2.4 In vitro fermentation (pH, digestibility of DM, OM, VFA-Total, NH3)
This experiment's working approach is a variation of the two-stage method developed by Tilley and Terry. Centrifugation (3000 rpm, 10 min), broth volume (50 mL) [21]. The methods are as follows:
1. Measure 1.0 g of the dry matter sample and transfer it into 1 mL of McDougall buffer solution, ensuring the pH is set to 8.9, followed by the addition of 10 mL of cattle rumen fluid inoculum.
2. After the fermenter was placed in a 40℃ water bath, CO2 gas was pumped into it, and a vented rubber buffer was placed over it.
3. To kill the microorganisms, 0.2 mL of HgCl2 was added to terminate the fermentation process after a 24-hour incubation period.
4. The precipitate was subsequently re-incubated with 20 mL of 0.2% pepsin solution for 24 hours in an open state following the centrifugation of the fermentation result for 5 minutes at 16,400 rpm. Following the application of a vacuum pump, the residual digestive materials were filtered using Whatman filter paper number 41, and subsequently rinsed with 25 milliliters of hot water.
5. A porcelain cup was filled with the filter and filter paper. To examine the residual dry matter, the remaining water content was evaporated in an oven set to 105℃ for 24 hours. Burning the residue for eight hours at 650℃ in an electric furnace allowed for the analysis of organic materials. The fermentation byproduct served as a blank, as it had no substrate.
The following formulas were utilized to determine dry matter digestibility and organic matter digestibility.
Dry Matter Digestibility (DMD):
$\begin{gathered}\mathrm{DMD}(\%)=\left(\frac{\text { Sample DM }-(\text { Residual DM }-\mathrm{DM} \text { Blank })}{\text { Sample } \text { DM }}\right) \times 100\end{gathered}$
where,
Sample DM = initial dry matter of the sample (g)
Residual DM = dry matter remaining after digestion (g)
DM Blank = blank correction for dry matter
Organic Matter Digestibility (OMD):
$\begin{gathered}\mathrm{OMD}(\%)=\left(\frac{\text { Sample } \mathrm{OM}-(\text { Residual } \mathrm{OM}-\mathrm{OM} \text { Blank })}{\text { Sample } \mathrm{OM}}\right) \times 100\end{gathered}$
where,
Sample OM = initial organic matter of the sample (g)

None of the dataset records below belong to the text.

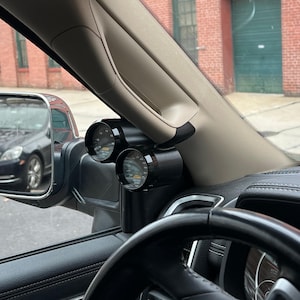 May include: Black automotive gauges mounted on a vehicle's interior pillar. The gauges display readings with black faces, white markings, and orange needles. The gauges are labeled "FUEL" and "WATER TEMP". The steering wheel and side mirror are also visible.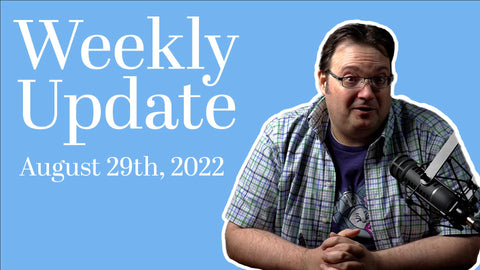 Brandon Sanderson sitting near a mic, recording the Weekly Update for August 29 2022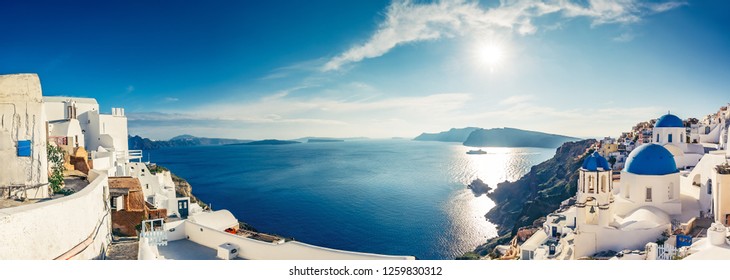 Churches in Oia, Santorini island in Greece, on a sunny day. Panorama view.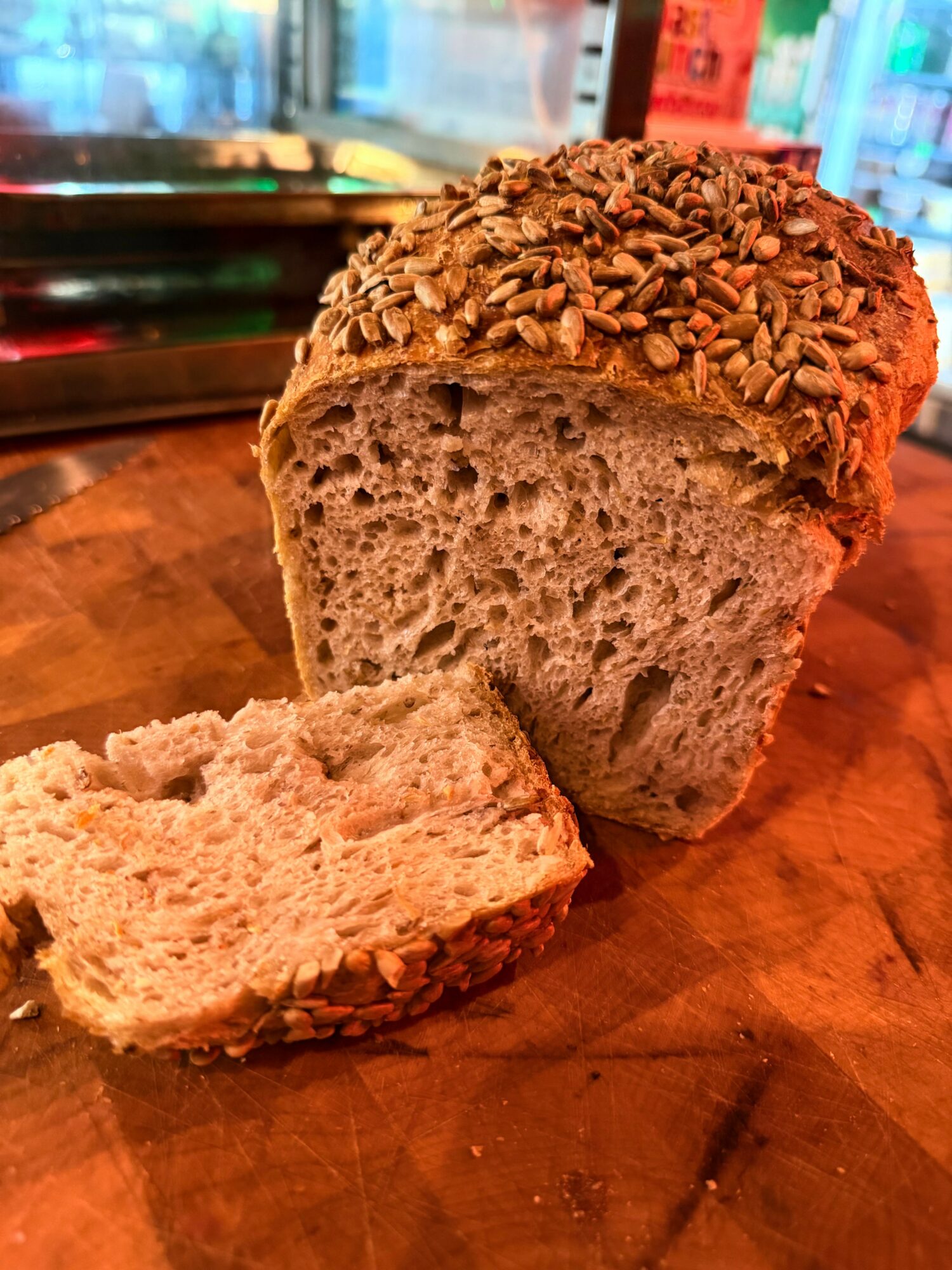 Loaf of bread with a slice cut, topped with sunflower seeds, on a wooden surface, colorful background, warm lighting.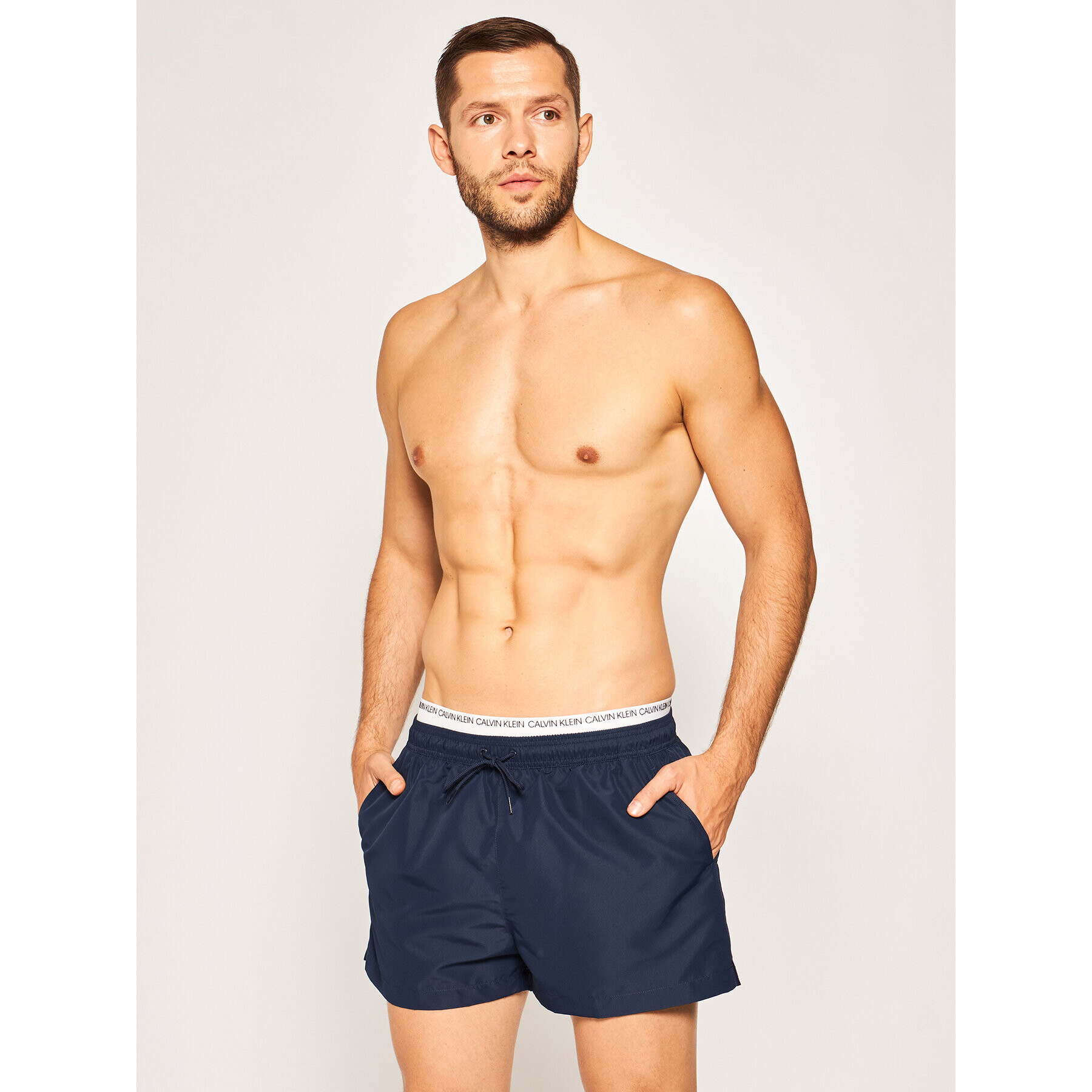 Calvin Klein Swimwear Плувни шорти Double WB KM0KM00438 Тъмносин Regular Fit - Pepit.bg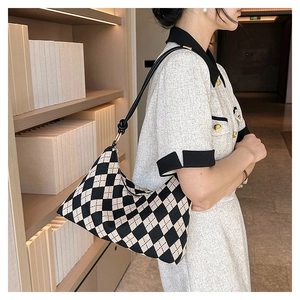 Detail view of the black and white checkered pattern and crescent shape of this shoulder bag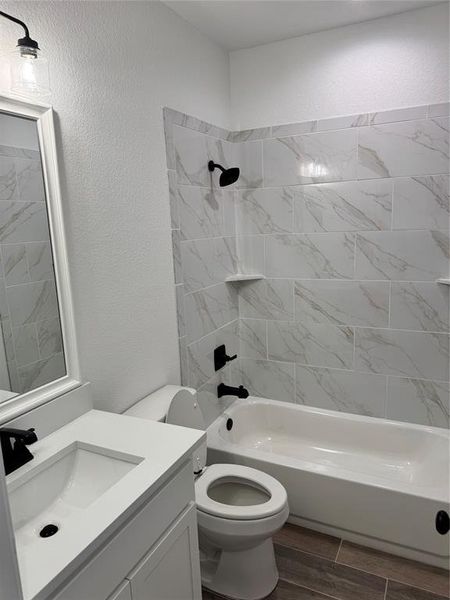 Full bathroom featuring vanity, toilet, and tiled shower / bath combo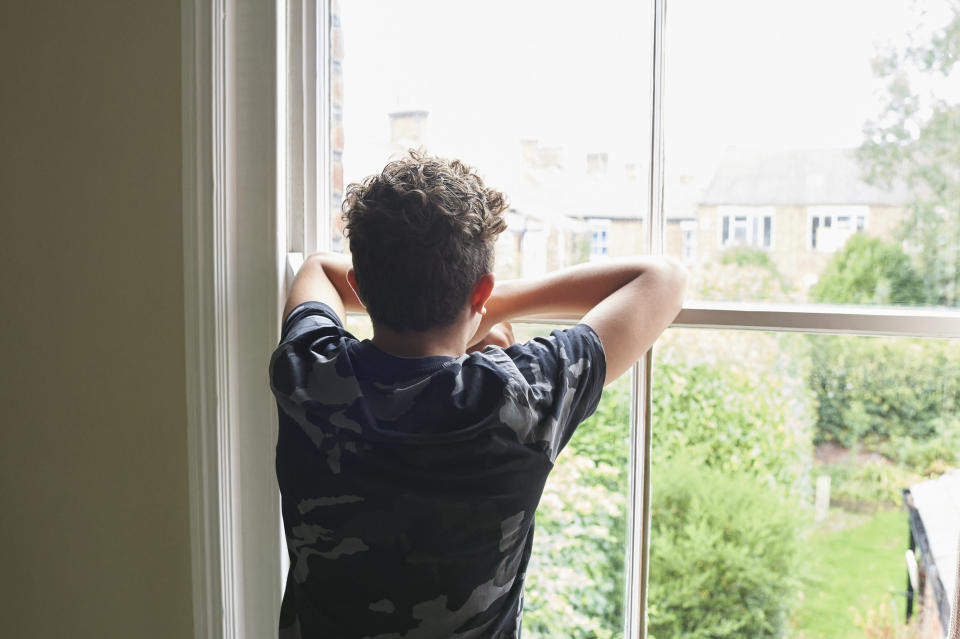 A kid looking out the window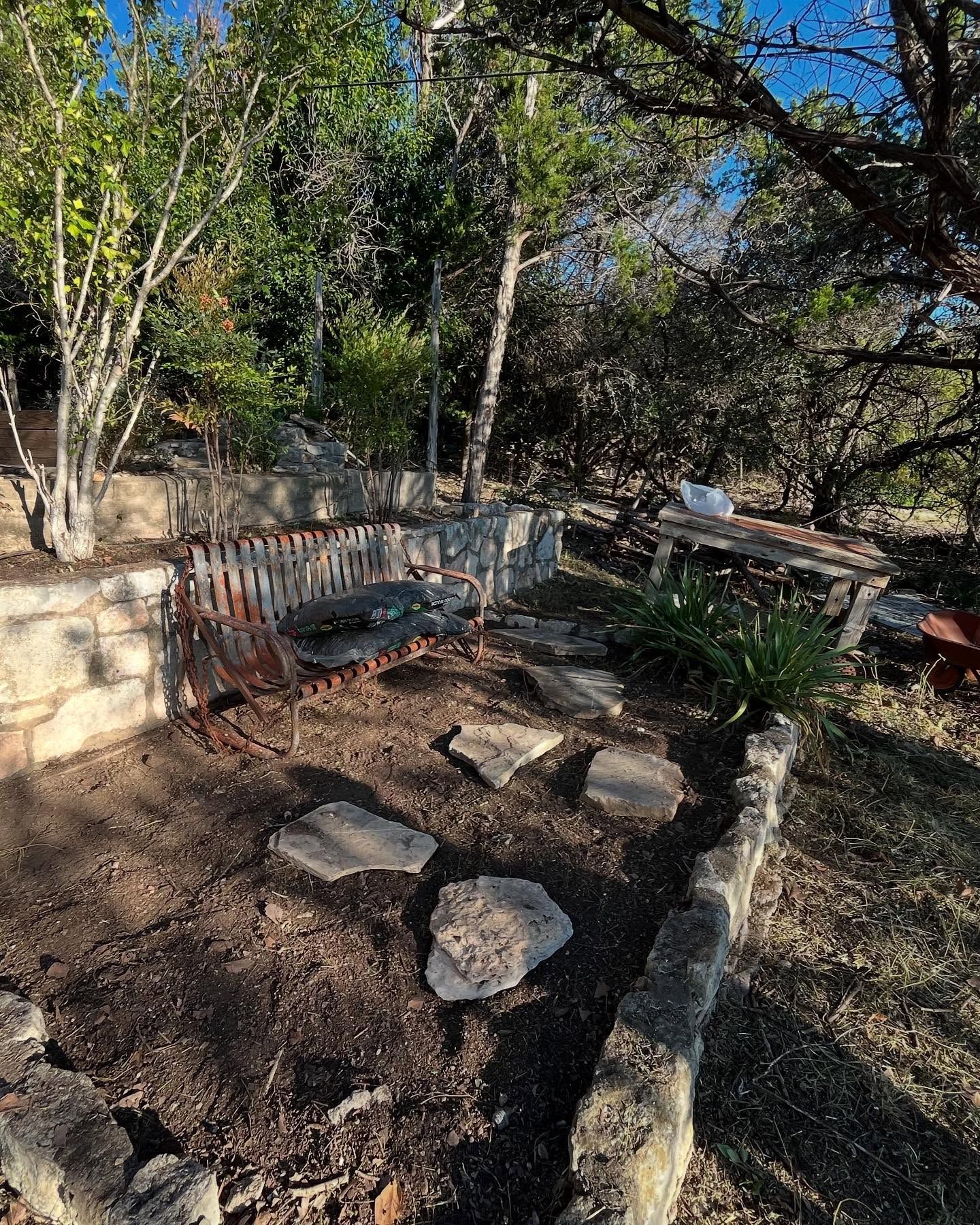 A rustic wooden bench sits in a sunlit garden beside a stone wall and path made of flat stepping stones.
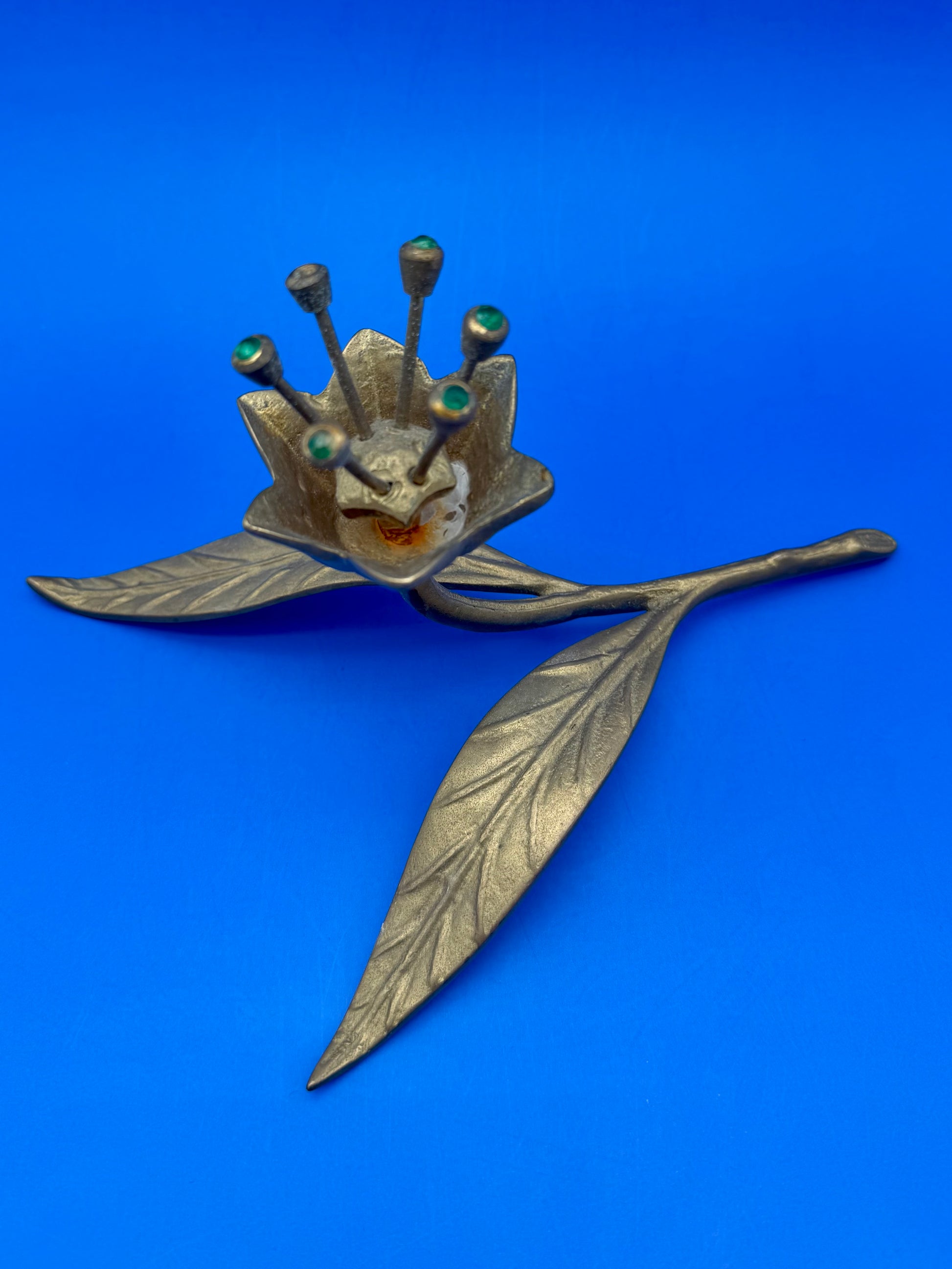 Brass flower-shaped ashtray shown at a closer angle with textured petals visible, blue background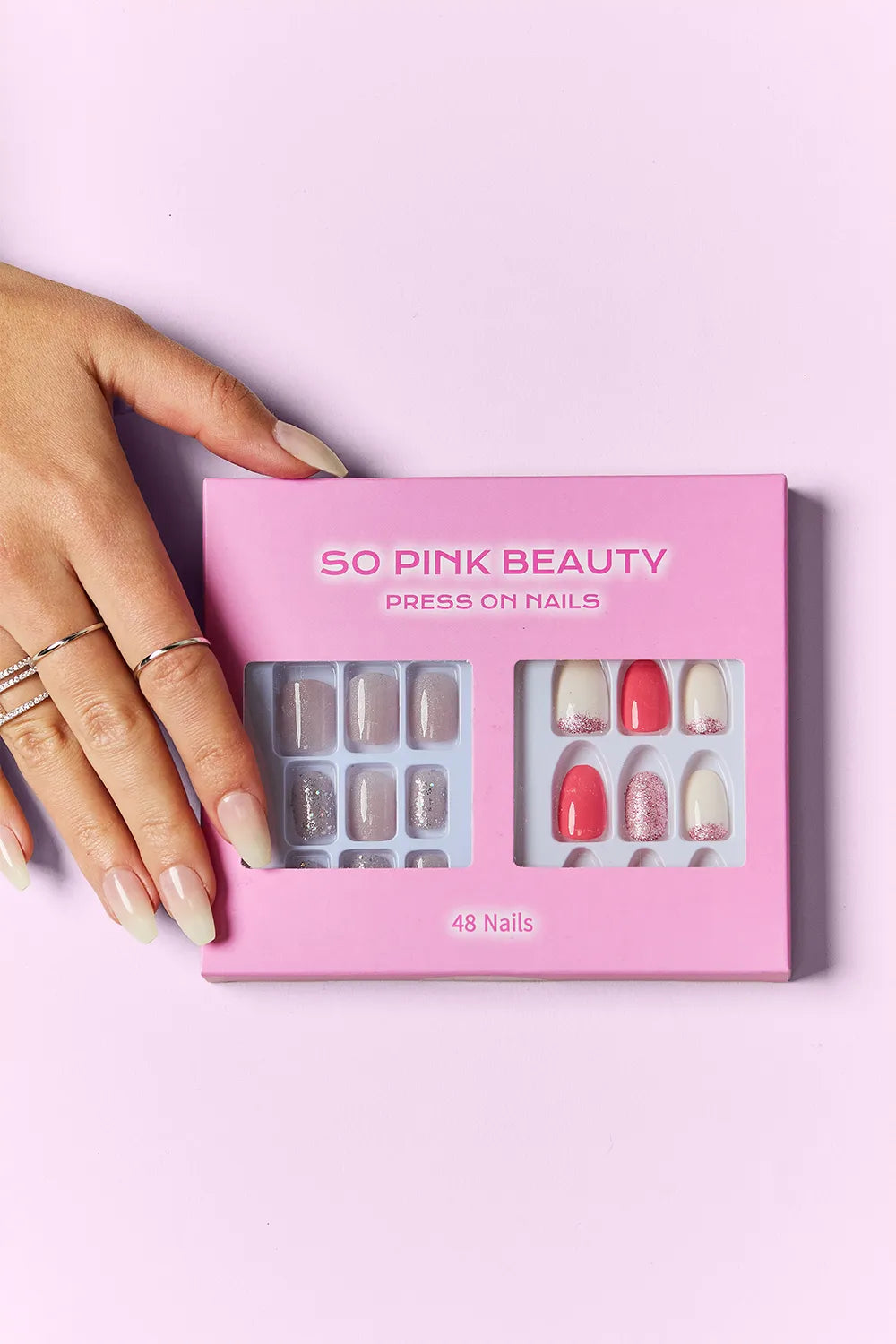 Trendsi SO PINK BEAUTY press-on nails in two packs, featuring natural pink nail designs on a clear display.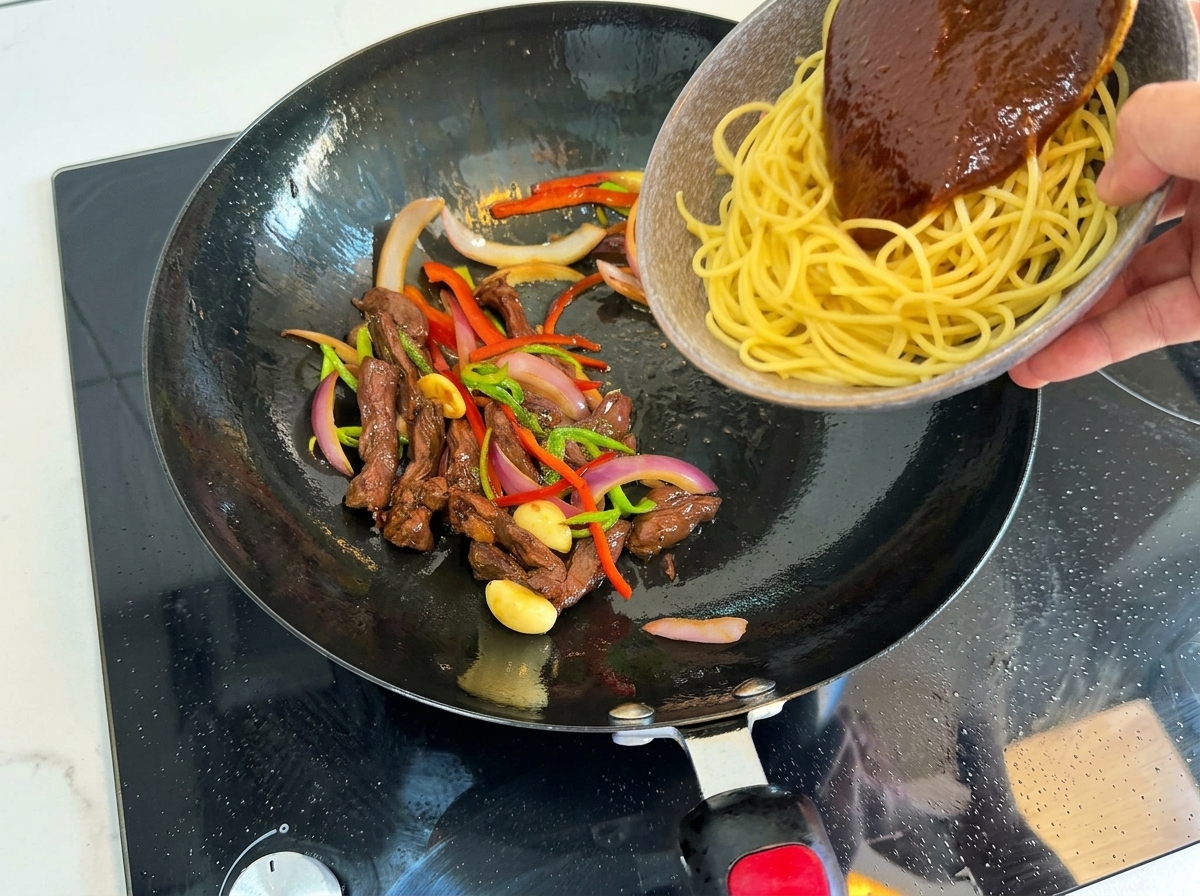 Gekochte Spaghetti und Fleischmischung werden im Wok kombiniert.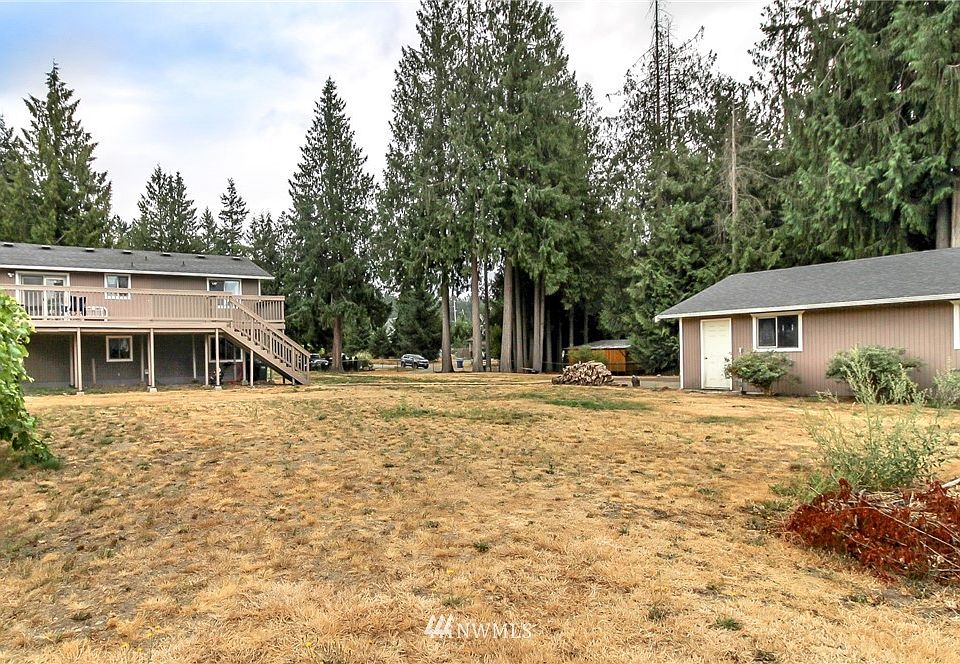 Huge lot, tons of fruit trees and over-sized detached garage.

Residual OM = organic matter remaining after digestion (g)
OM Blank = blank correction for organic matter
2.5 Measurement of NH3 and total VFA concentrations
Total VFA measurement used the steam distillation technique, and NH3 measurement used the Conway microdiffusion technique. Fresh cow rumen fluid was obtained from the slaughterhouse as inoculum. Each sample was put as much as 0.56 g into a sterilized fermenter tube, then the sample was given 40 mL McDougall solution and 10 mL cow rumen fluid, then CO2 gas was added for 10-20 seconds to create anaerobic conditions, and the tube was closed with a rubber cap. After three hours of incubation in a water bath, the tube was submerged in ice water to halt the fermentation process. After centrifuging the mixture for 15 minutes at 3000 rpm, the supernatant was taken out for VFA and NH3 analysis. Total VFA analysis was done by the steam distillation method. Ammonia (NH3) analysis was performed by the Conway microdiffusion method.
The procedure for measuring VFA required the preparation of the distillation apparatus, which included boiling water and channeling the steam to the condenser or cooler. Following this, 5 mL of the sample was combined with 1 mL of 15% H2SO4 in the distillation apparatus. The produced VFAs were collected using 5 mL of 0.5 N NaOH, which was contained in an Erlenmeyer flask. The liquid was collected until it reached 250-300 mL, and then 2-3 drops of an indicator were added. It was titrated with 0.5 N HCl solution until the titrant color changed from pink to colorless. The formula employed for calculating the total VFA concentration is as follows:
$\mathrm{Total}\ \mathrm{VFA} (\mathrm{mM})=\frac{(a-b) \times N_{\mathrm{HCl}} \times 1000}{5 \times \text { Sample weight } (\mathrm{g}) \times \mathrm{DM} \text { fraction }}$
where,
a = volume of HCl used in the blank titration (mL); b = volume of HCl used in the sample titration (mL).
2.6 Statistical analysis
Data were analyzed using SPSS software version 25.0 (IBM Corp., USA) according to a completely randomized design (CRD). Treatment means were compared using Duncan’s multiple range test when significant effects were detected (P < 0.05).
3.1 Scanning electron microscopy (SEM)
The morphological characteristics of the urea cooking product samples combined with banana corm flour, analyzed through SEM at magnifications of 300 and 1000 times, are presented in Figure 1.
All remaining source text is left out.